The Legend of Cora: A Ghost at WSC


WSC Media Relations

The ghost of Neihardt Hall is a campus legend. Almost every student has heard about her, yet very few know anything beyond that basic story. Photo courtesy of WSC Media Relations.

Adam Lundeen, News Writer

The ghost of Neihardt Hall is a campus legend. According to the legend, Cora was a young student who hung herself in the basement of Neihardt Hall and now haunts the building she died in. She has been known to flicker lights, mess with students’ doors, and make strange noises in the middle of the night. Almost every student has heard about her, yet very few know anything beyond that basic story.

Josh Jenkins, a history major and first year transfer student, said he heard about the ghost of Cora within the first few weeks of being at WSC.

“I don’t remember exactly when I heard the story. It was probably around the time of freshman initiation.” Jenkins said.

He said he had a vague idea of what the ghost of Neihardt story was and gave the same basic story.

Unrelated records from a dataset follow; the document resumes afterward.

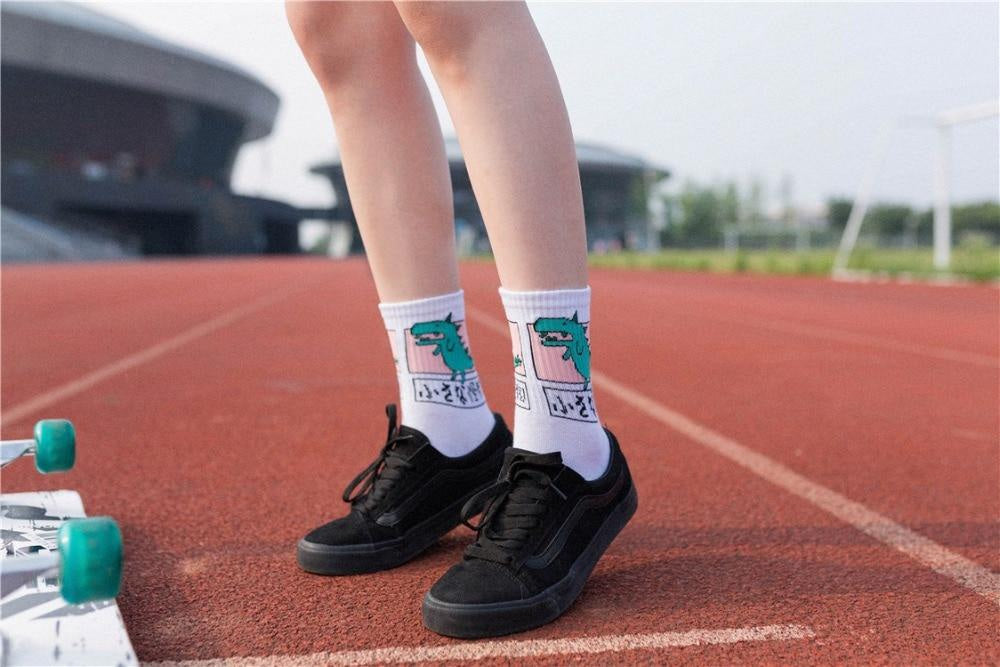 Japanese Dino Socks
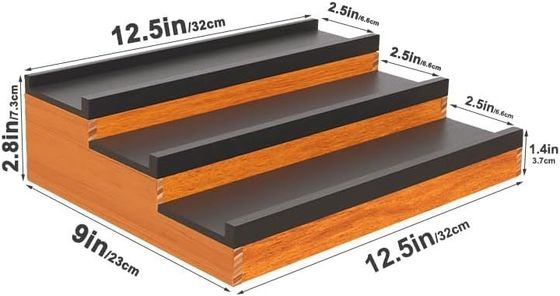 Gepersonaliseerd logo Acceptabel Houten Keulen Stand Parfum Organisator met verborgen comp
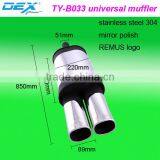 Racing Spare Part Double Exhaust System Universal Muffler Performance thumbnail-1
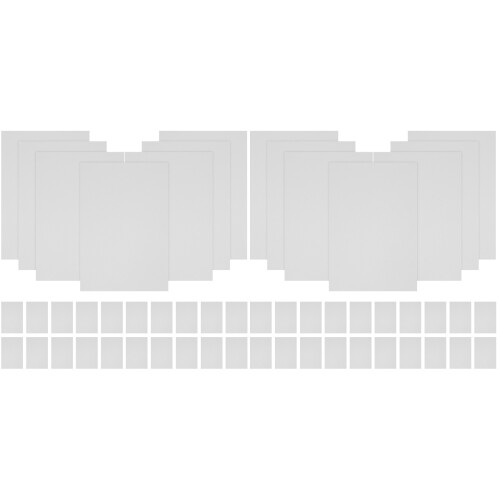 200Pièces Cartes Blanches Compactes DIY Blanches Pour Note Graffiti 1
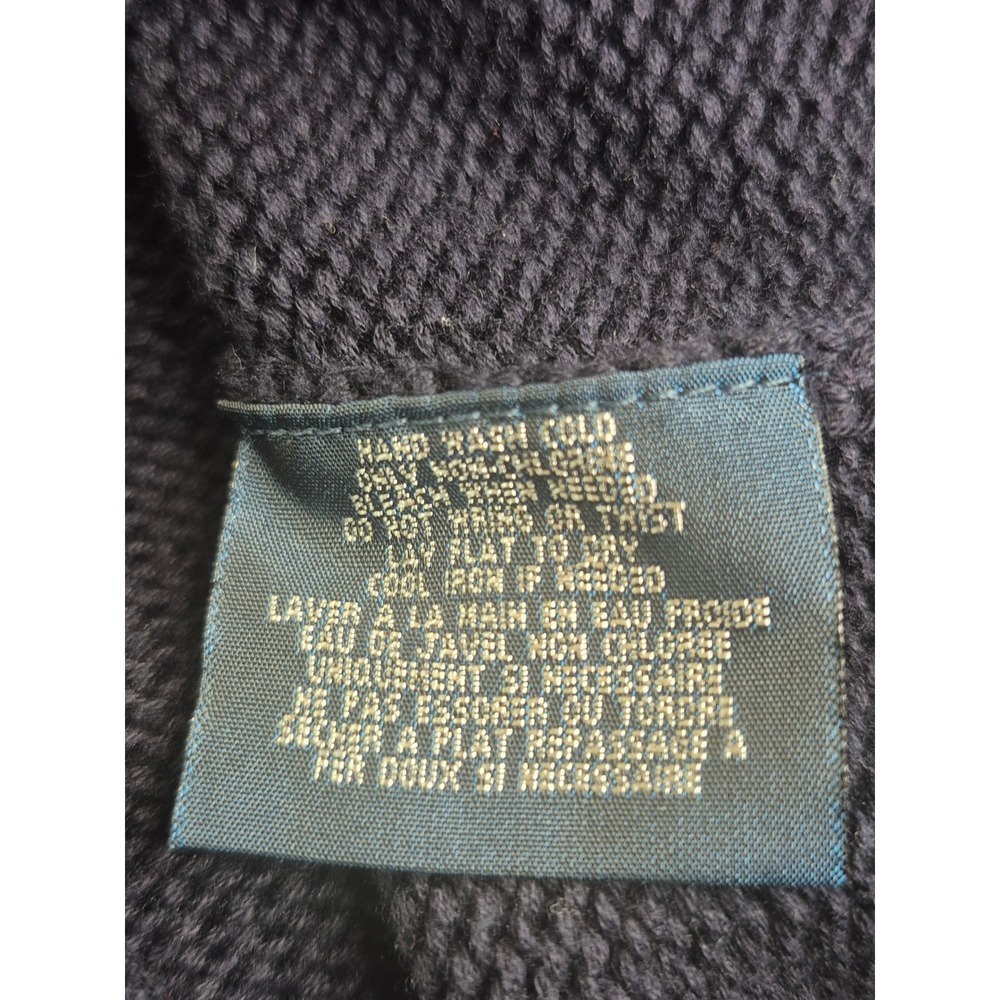 Polo Ralph Lauren Mens XL Navy Blue Cotton‎ Knit Crewneck Sweater Pony Logo - Picture 8 of 11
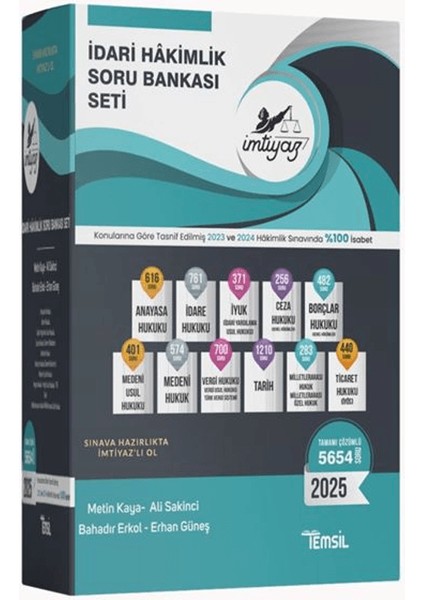 Imtiyaz Idari Hakimlik Soru Bankası Seti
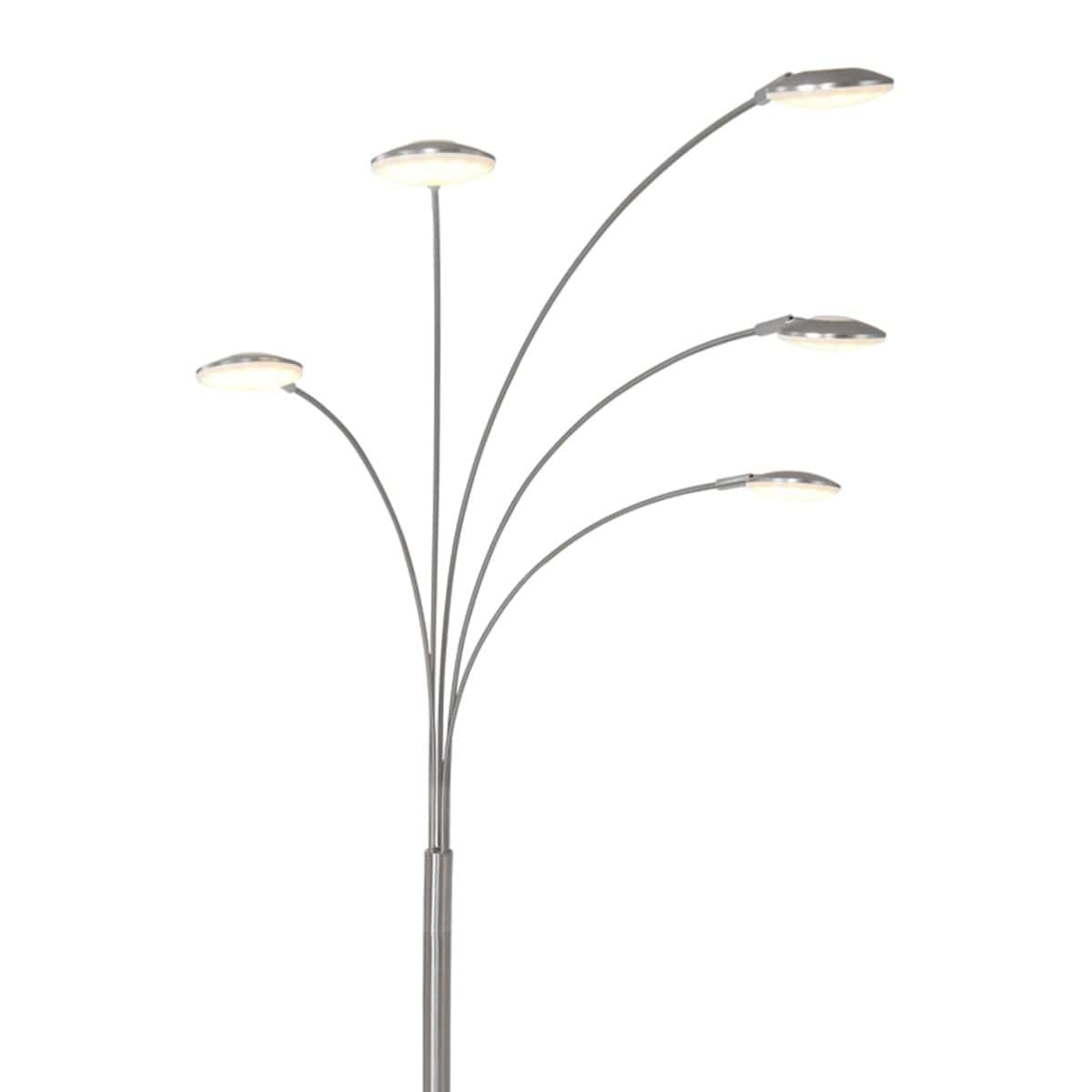 Moderne 5-lichts vloerlamp 1327ST – Stijlvolle LED booglamp met dimfunctie - Afbeelding 20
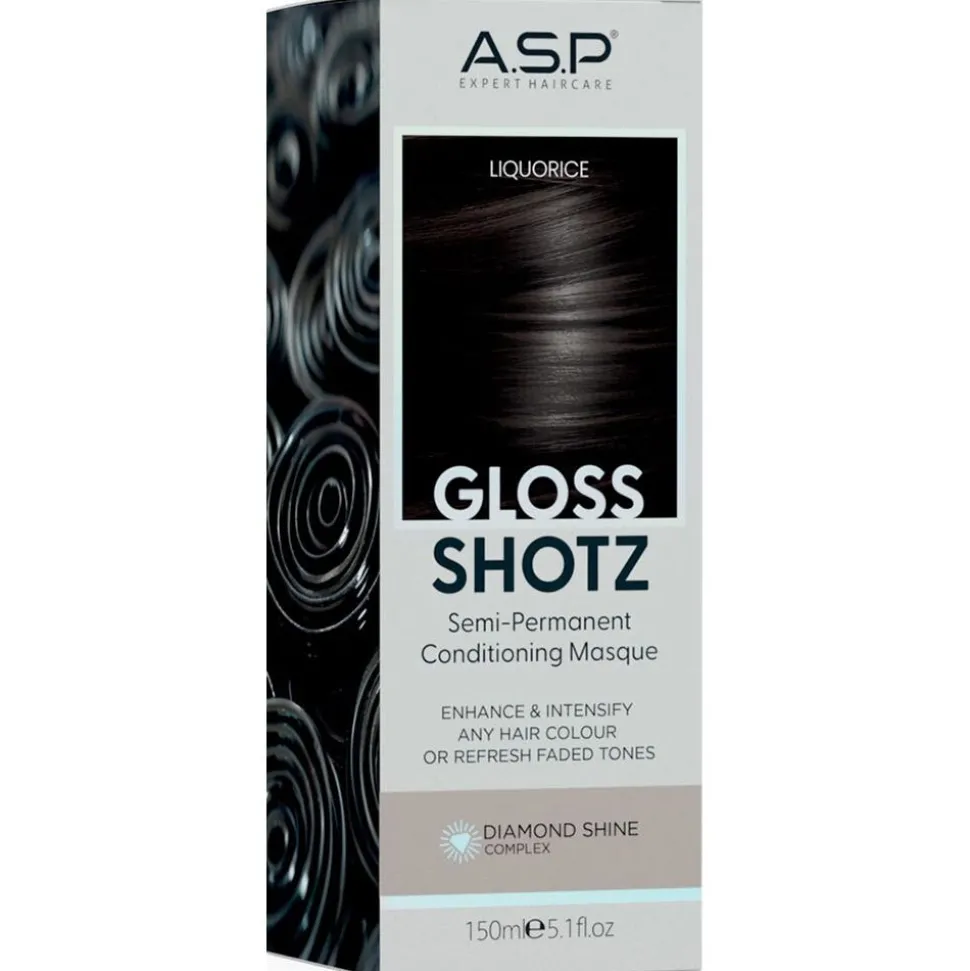 A.S.P Gloss Shotz Liquorice 150 ml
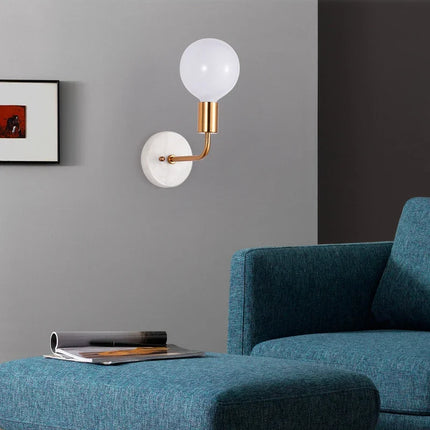 Applique murale design nordique en marbre et verre pour intérieur — LZ4X9T2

The truth is there is no real evidence that the story as it is told today is true. It does bring up the question of where the story came from.

Marcus Schlichter, the College Archivist and Acquisitions Librarian, has done extensive research into this topic. He believes that the ghost of Cora may actually be a combination of several different stories that slowly got formed into one. None of this is a provable fact, but it is backed up by evidence.

The Name Cora

Cora Hintz was a rural school teacher who grew up on a farm near Coleridge, Nebraska. She graduated from Nebraska State Teacher’s College in 1917, which would eventually become Wayne State College in 1963.

She was teaching at a small school near her hometown when Frank Faust, a would-be suitor, asked her to join him outside. He got down on one knee and proposed marriage. She politely rejected him and started to go back inside.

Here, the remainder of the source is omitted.